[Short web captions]
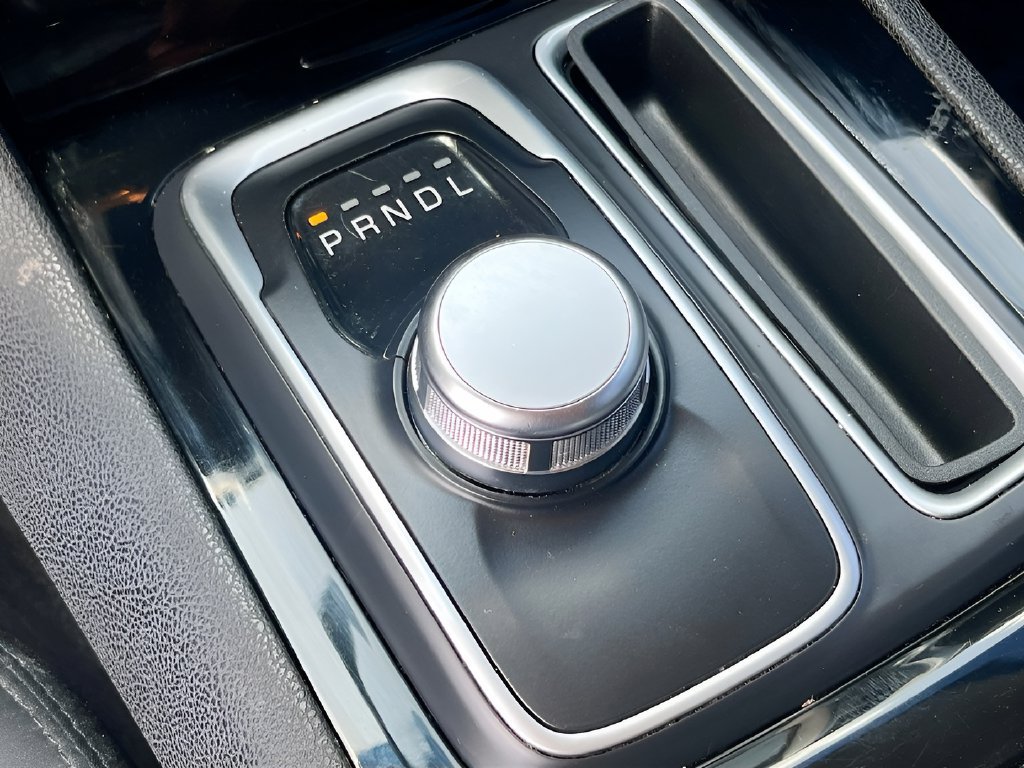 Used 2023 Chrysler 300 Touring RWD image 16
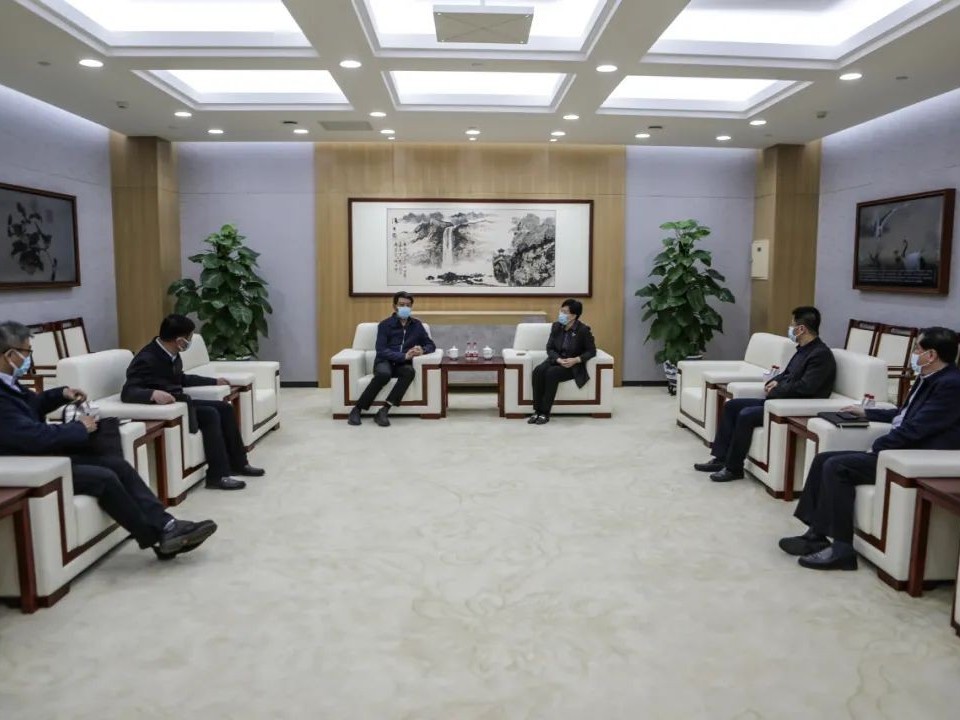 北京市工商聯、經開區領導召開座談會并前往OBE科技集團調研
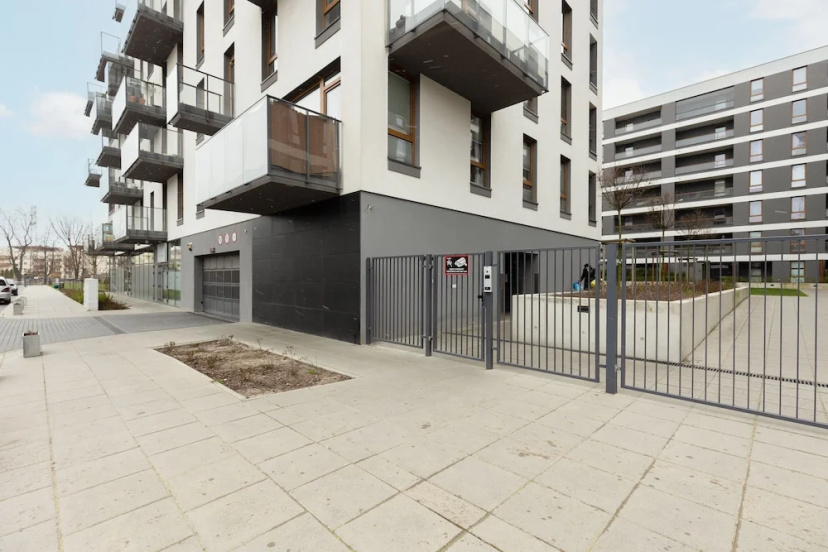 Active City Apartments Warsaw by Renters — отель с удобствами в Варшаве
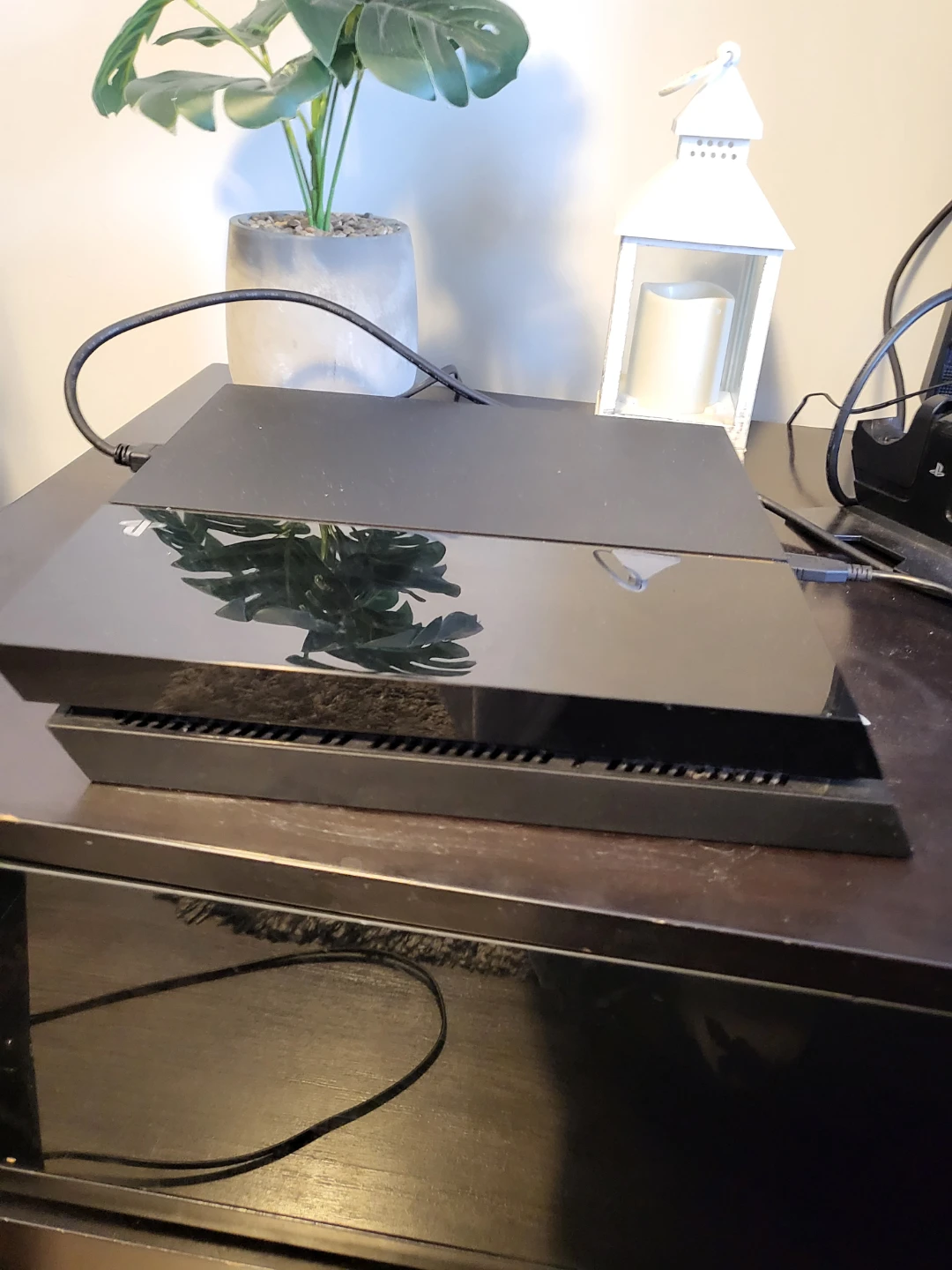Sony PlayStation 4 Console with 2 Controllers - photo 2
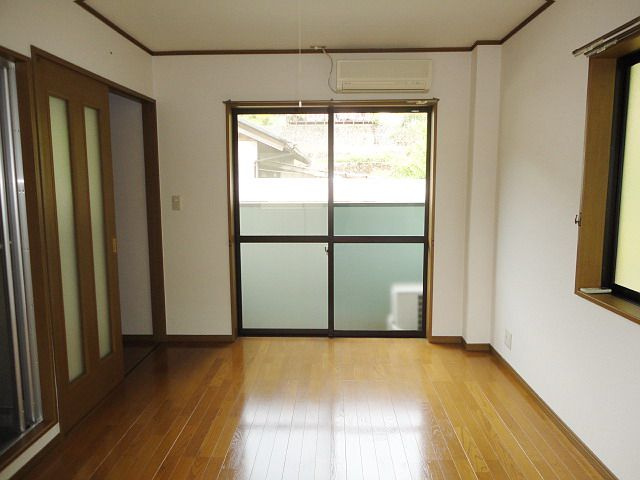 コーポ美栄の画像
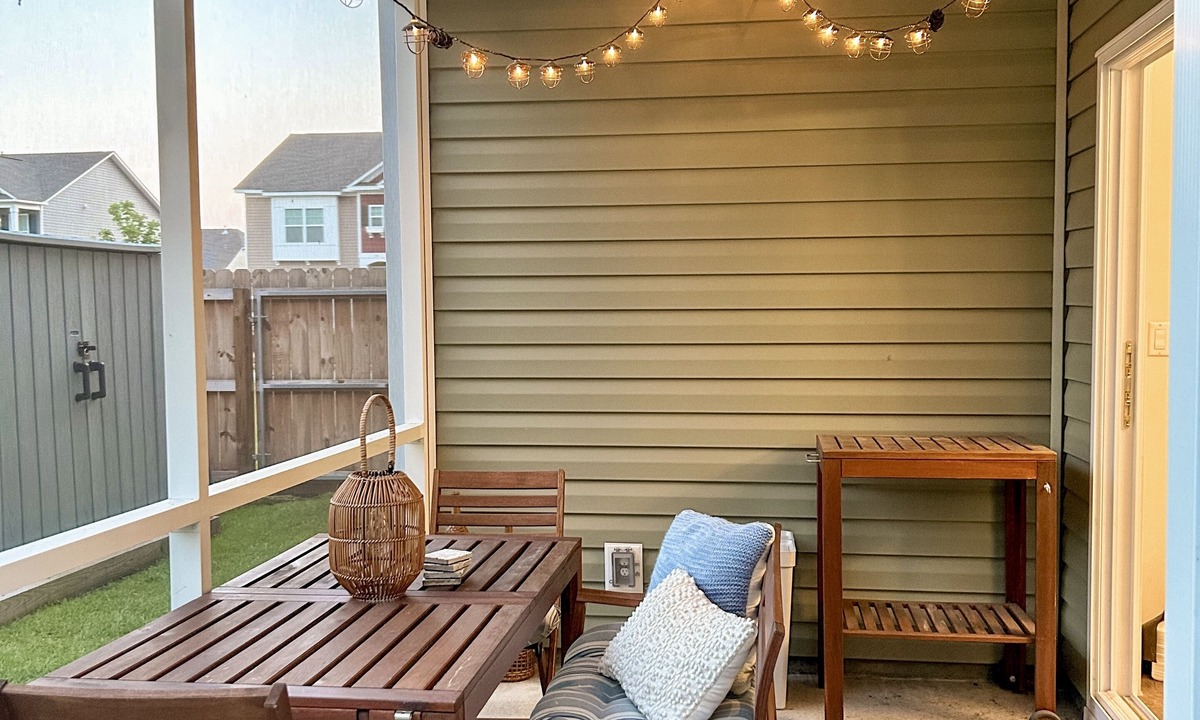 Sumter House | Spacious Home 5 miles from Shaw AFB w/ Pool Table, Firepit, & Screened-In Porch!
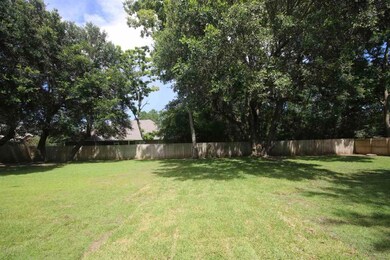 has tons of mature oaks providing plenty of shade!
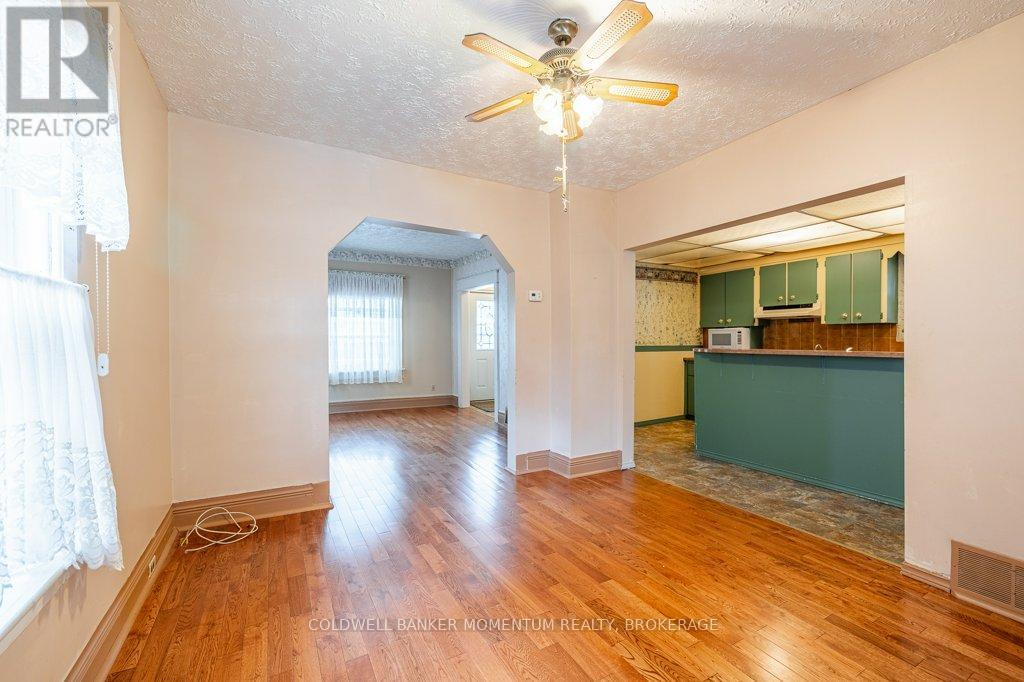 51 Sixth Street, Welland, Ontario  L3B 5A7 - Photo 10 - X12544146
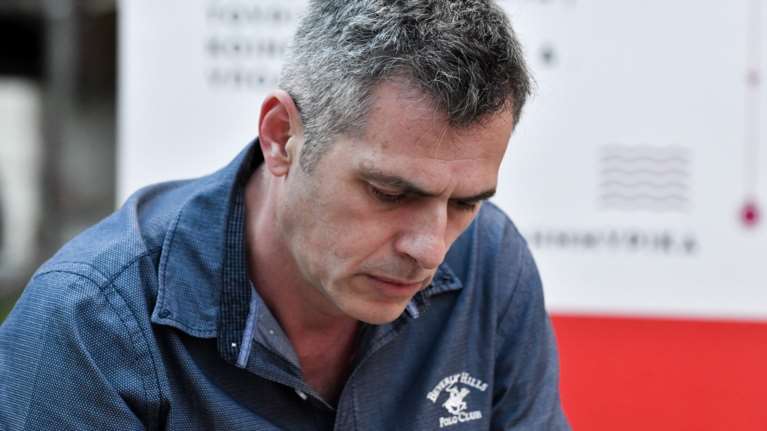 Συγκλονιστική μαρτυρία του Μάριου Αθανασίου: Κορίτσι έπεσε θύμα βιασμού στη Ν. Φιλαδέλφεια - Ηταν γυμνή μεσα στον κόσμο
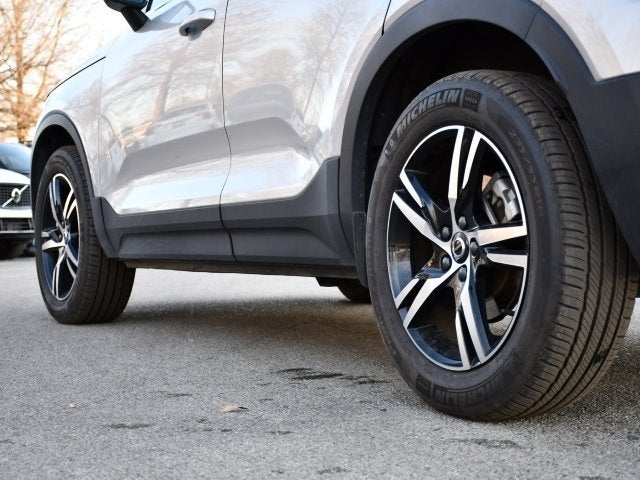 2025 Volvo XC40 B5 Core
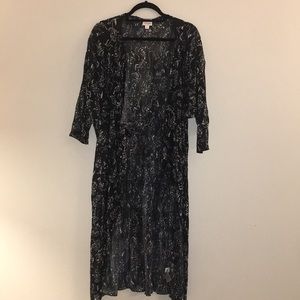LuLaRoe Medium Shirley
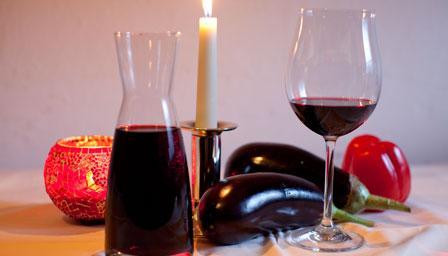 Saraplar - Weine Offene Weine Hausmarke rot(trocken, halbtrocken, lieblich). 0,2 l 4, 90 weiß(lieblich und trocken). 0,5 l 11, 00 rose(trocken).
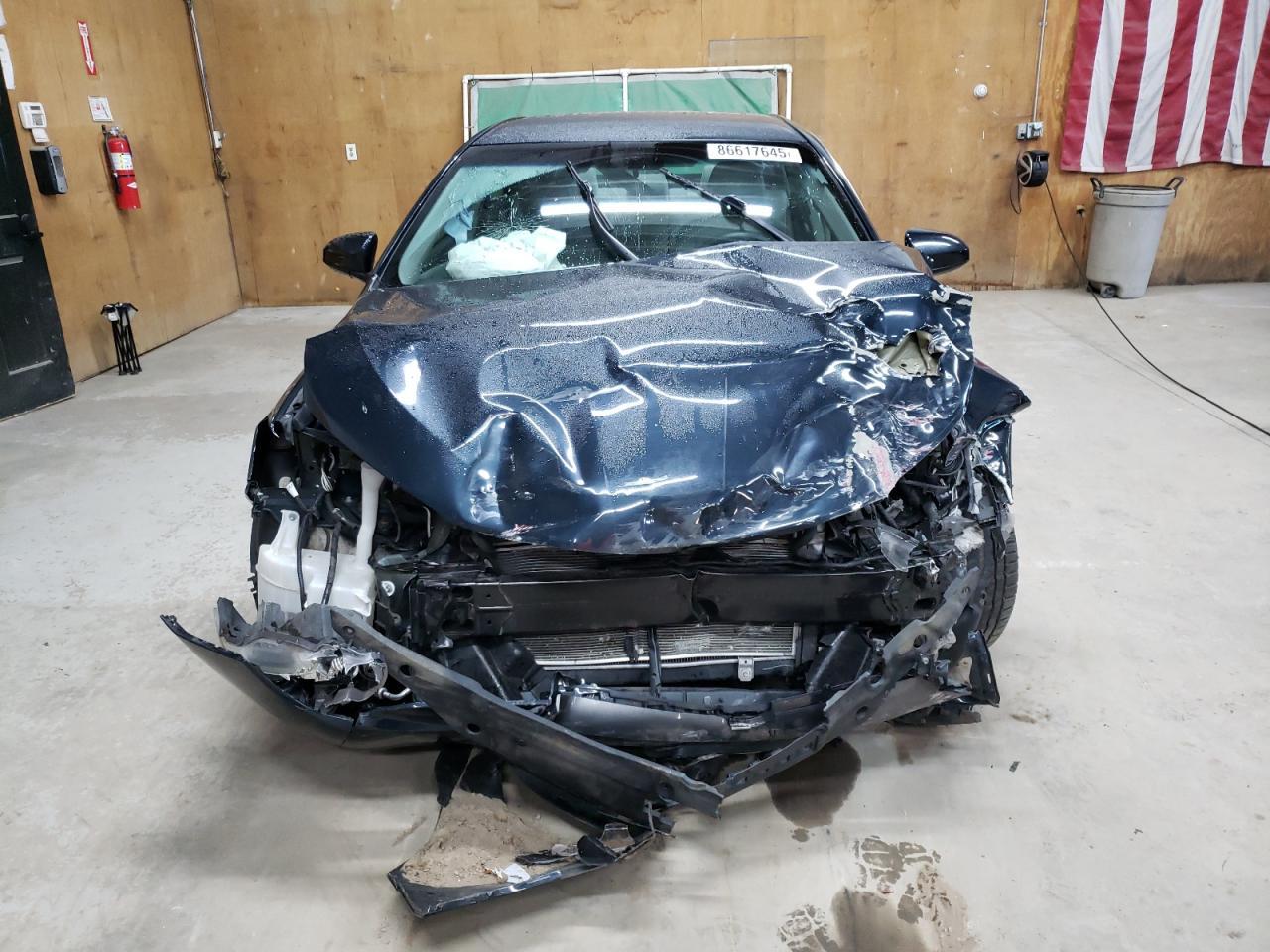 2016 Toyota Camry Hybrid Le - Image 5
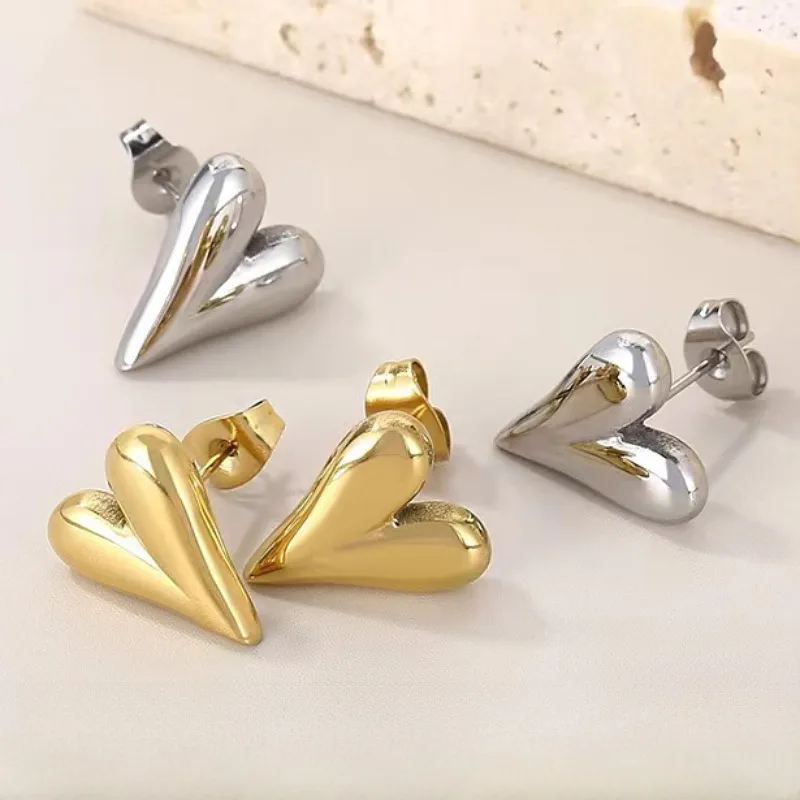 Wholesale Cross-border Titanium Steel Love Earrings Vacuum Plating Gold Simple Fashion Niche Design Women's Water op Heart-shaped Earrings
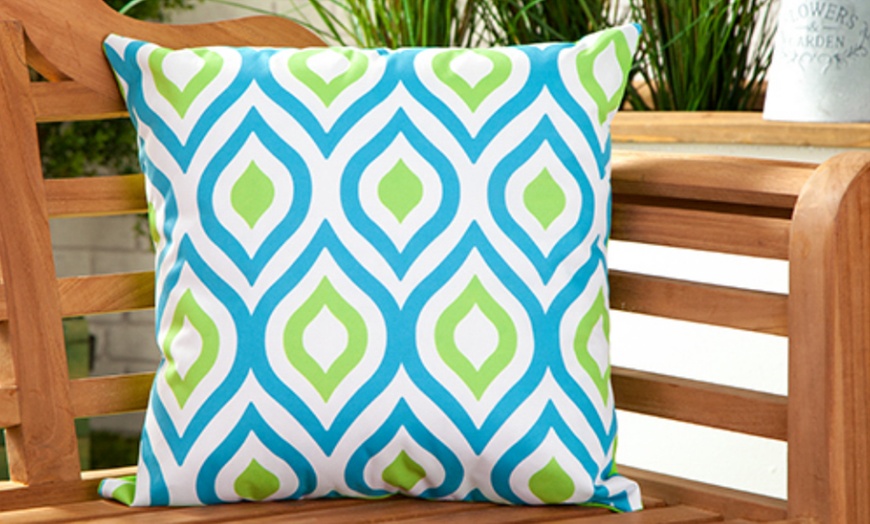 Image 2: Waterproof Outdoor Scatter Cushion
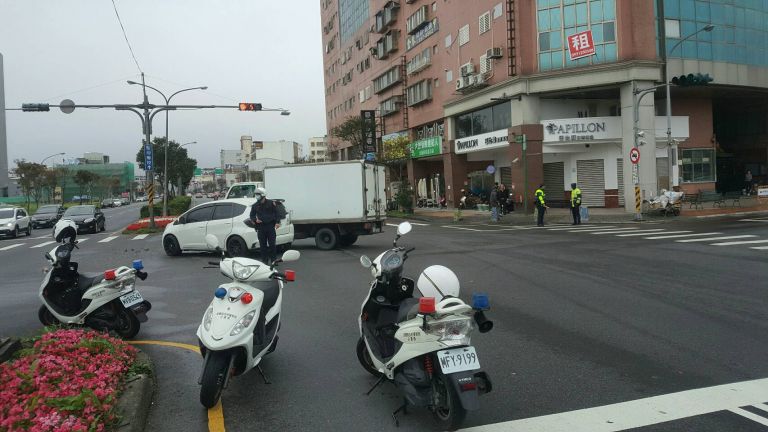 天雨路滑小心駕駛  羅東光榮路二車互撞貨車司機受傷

→ EXERCISE OBJECTIVE:
Nothing but the lines from the line containing "has tons of" through the end of the data, both ends included, is to be reproduced, exactly as written and without the pictures.

→ EXPECTED ANSWER:
 has tons of mature oaks providing plenty of shade!
 51 Sixth Street, Welland, Ontario  L3B 5A7 - Photo 10 - X12544146
 Συγκλονιστική μαρτυρία του Μάριου Αθανασίου: Κορίτσι έπεσε θύμα βιασμού στη Ν. Φιλαδέλφεια - Ηταν γυμνή μεσα στον κόσμο
 2025 Volvo XC40 B5 Core
LuLaRoe Medium Shirley
 Saraplar - Weine Offene Weine Hausmarke rot(trocken, halbtrocken, lieblich). 0,2 l 4, 90 weiß(lieblich und trocken). 0,5 l 11, 00 rose(trocken).
 2016 Toyota Camry Hybrid Le - Image 5
 Wholesale Cross-border Titanium Steel Love Earrings Vacuum Plating Gold Simple Fashion Niche Design Women's Water op Heart-shaped Earrings
 Image 2: Waterproof Outdoor Scatter Cushion
 天雨路滑小心駕駛  羅東光榮路二車互撞貨車司機受傷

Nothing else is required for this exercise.